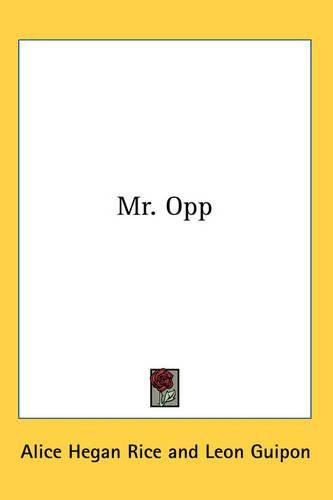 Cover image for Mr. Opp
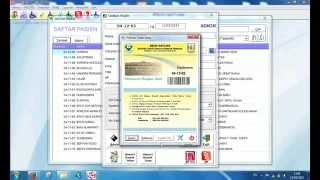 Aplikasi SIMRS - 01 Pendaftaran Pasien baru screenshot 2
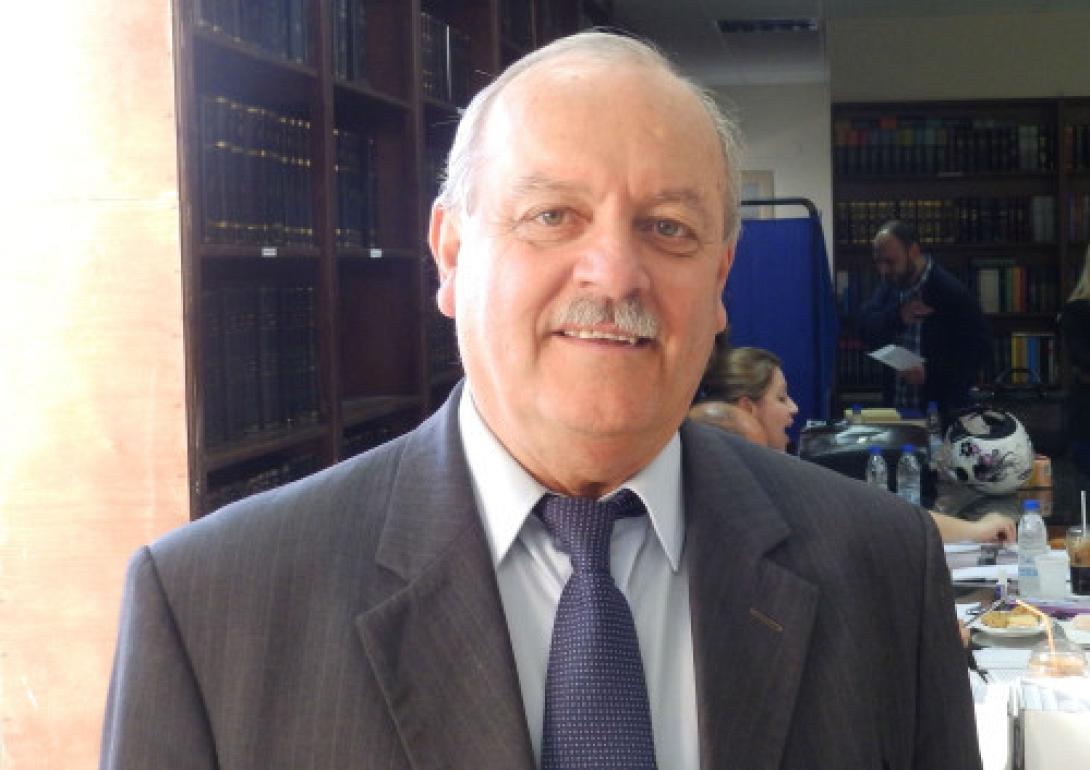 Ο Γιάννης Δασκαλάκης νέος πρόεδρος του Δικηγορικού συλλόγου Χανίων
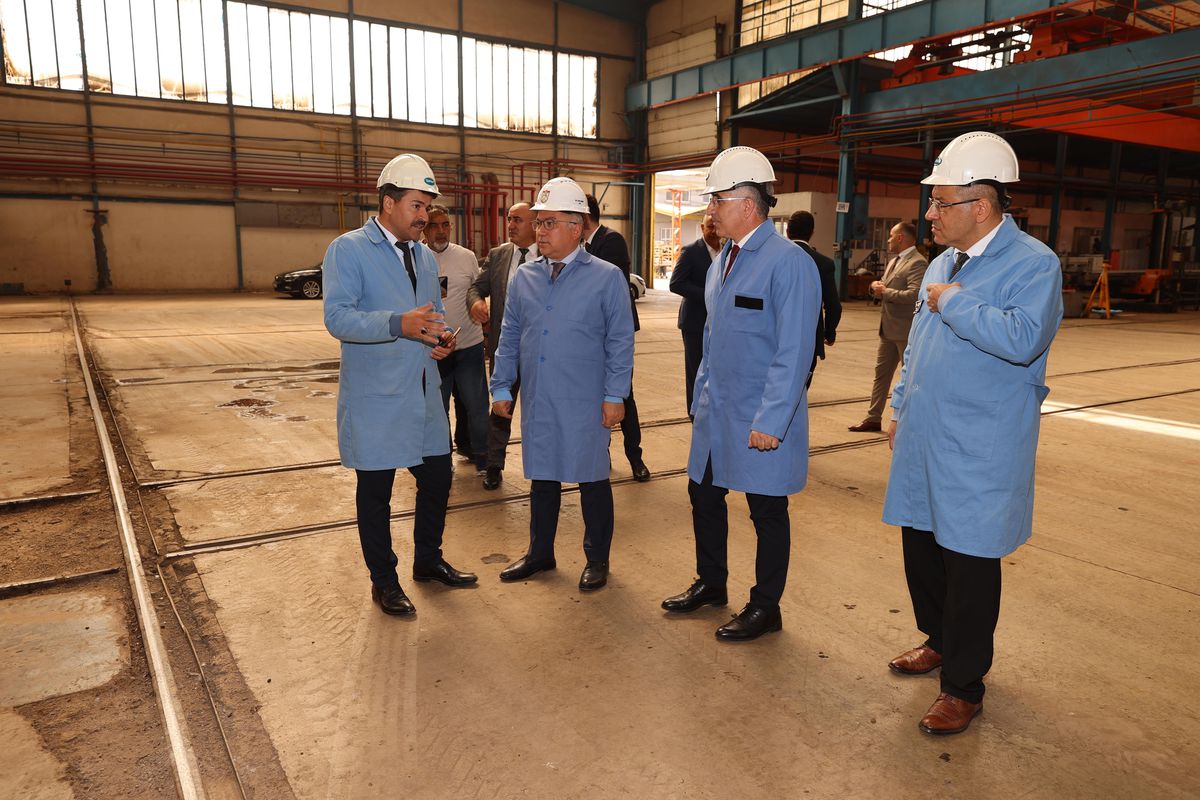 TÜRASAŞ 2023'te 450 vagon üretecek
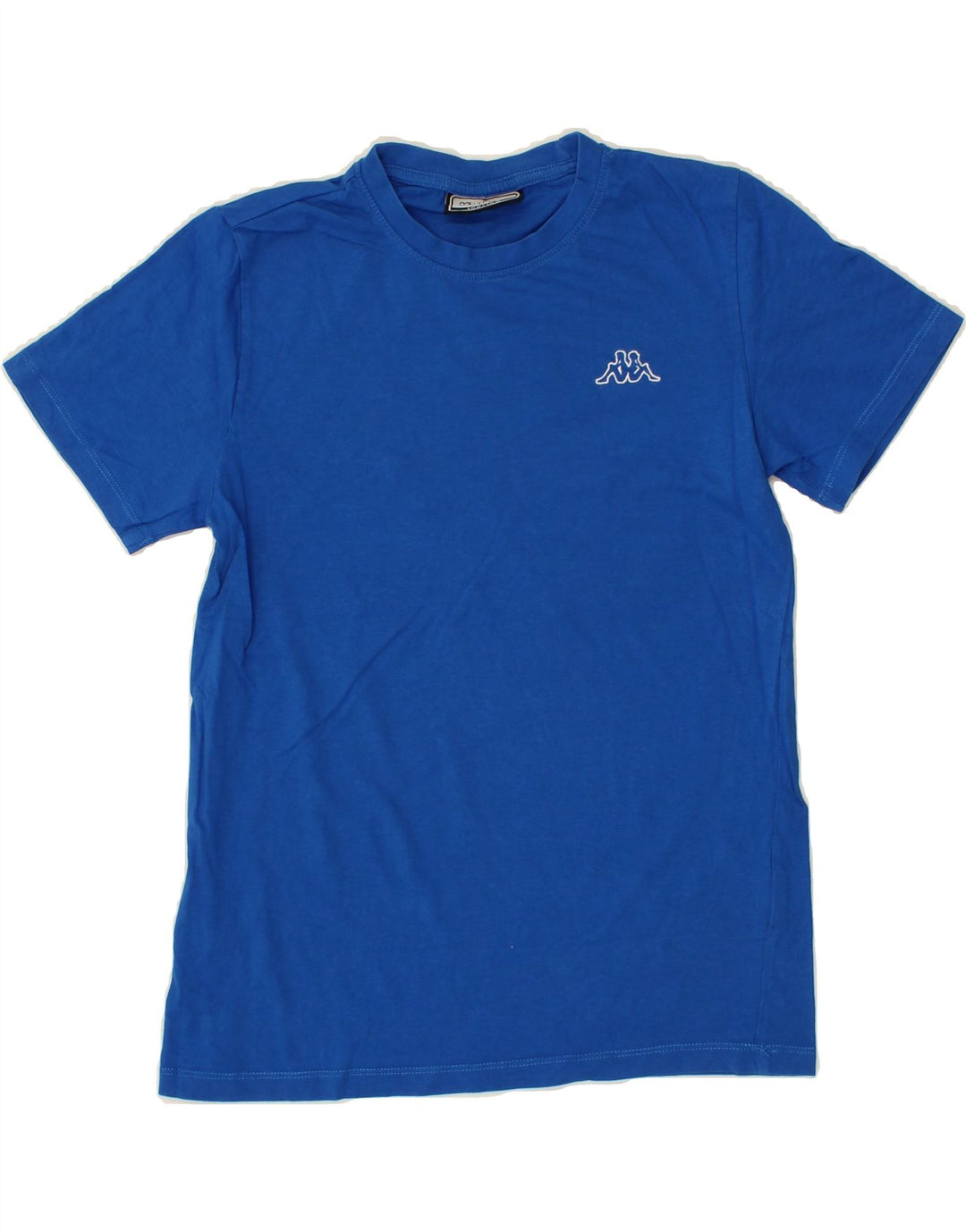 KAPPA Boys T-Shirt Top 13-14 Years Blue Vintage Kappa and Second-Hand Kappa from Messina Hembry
-----
WORK TASK:
Lines from the one containing "TÜRASAŞ 2023'te 450 vagon üretecek" through the end of the material above must be reproduced exactly; pictures must not be.

FINAL ANSWER:
 TÜRASAŞ 2023'te 450 vagon üretecek
 KAPPA Boys T-Shirt Top 13-14 Years Blue Vintage Kappa and Second-Hand Kappa from Messina Hembry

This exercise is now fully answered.